_What you have to do_
Leaving out the images, reproduce every line of the data that follows exactly.

_Dataset records_
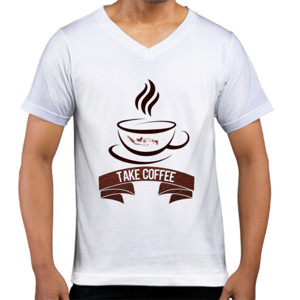 Kaos  Kopi Nusantara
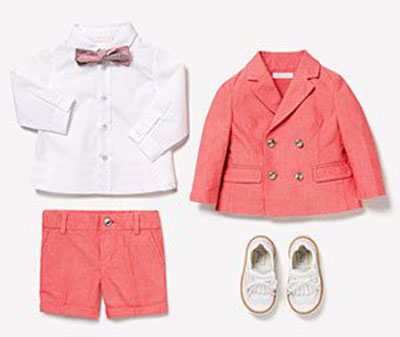 مدل لباس های گوچی برای کودکان 2 تا 6 سال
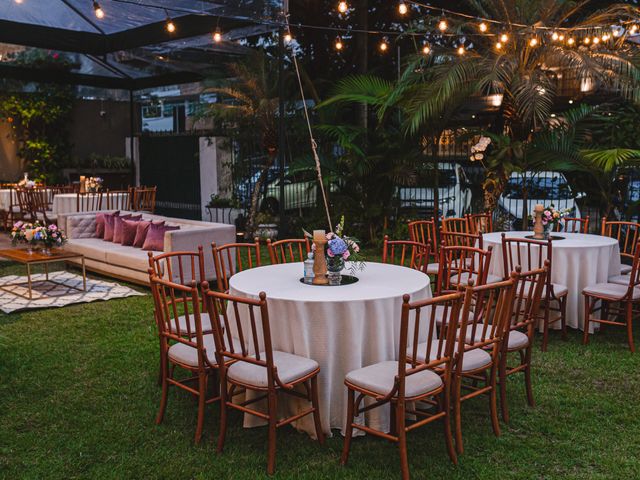 O casamento de Fabiano e Karoline em Vitória, Espírito Santo 32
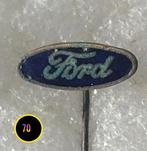 Speldje Ford, Verzamelen, Speldjes, Pins en Buttons, Verzenden, Gebruikt, Overige onderwerpen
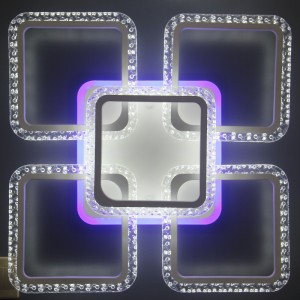 AC821 Φωτιστικό οροφής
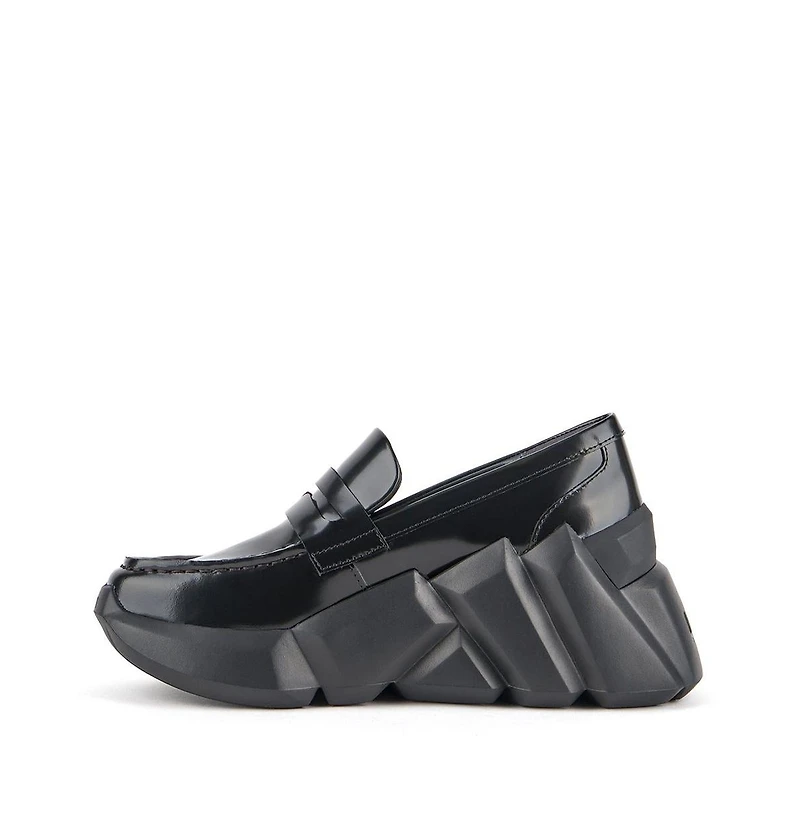 United Nude Womens Space Kick Loafer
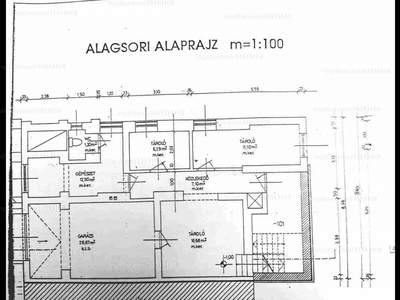 Eladó családi ház - XIV. kerület, Titel utca 3/b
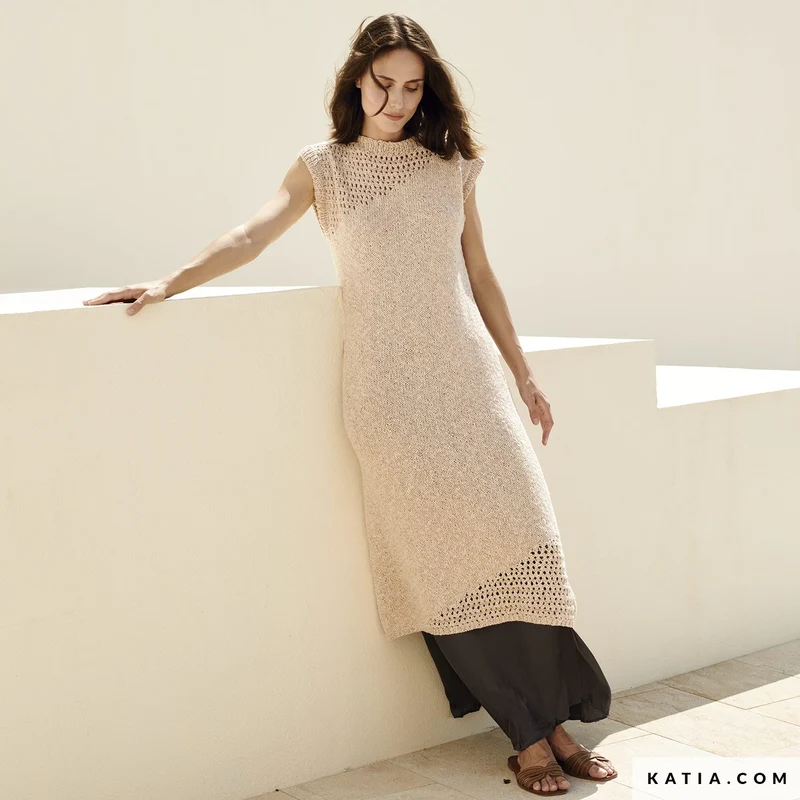 katia All Seasons Nr. 5 Schnittmustermagazin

_Reply_
 Kaos  Kopi Nusantara
 مدل لباس های گوچی برای کودکان 2 تا 6 سال
 O casamento de Fabiano e Karoline em Vitória, Espírito Santo 32
 Speldje Ford, Verzamelen, Speldjes, Pins en Buttons, Verzenden, Gebruikt, Overige onderwerpen
 AC821 Φωτιστικό οροφής
 United Nude Womens Space Kick Loafer
 Eladó családi ház - XIV. kerület, Titel utca 3/b
 katia All Seasons Nr. 5 Schnittmustermagazin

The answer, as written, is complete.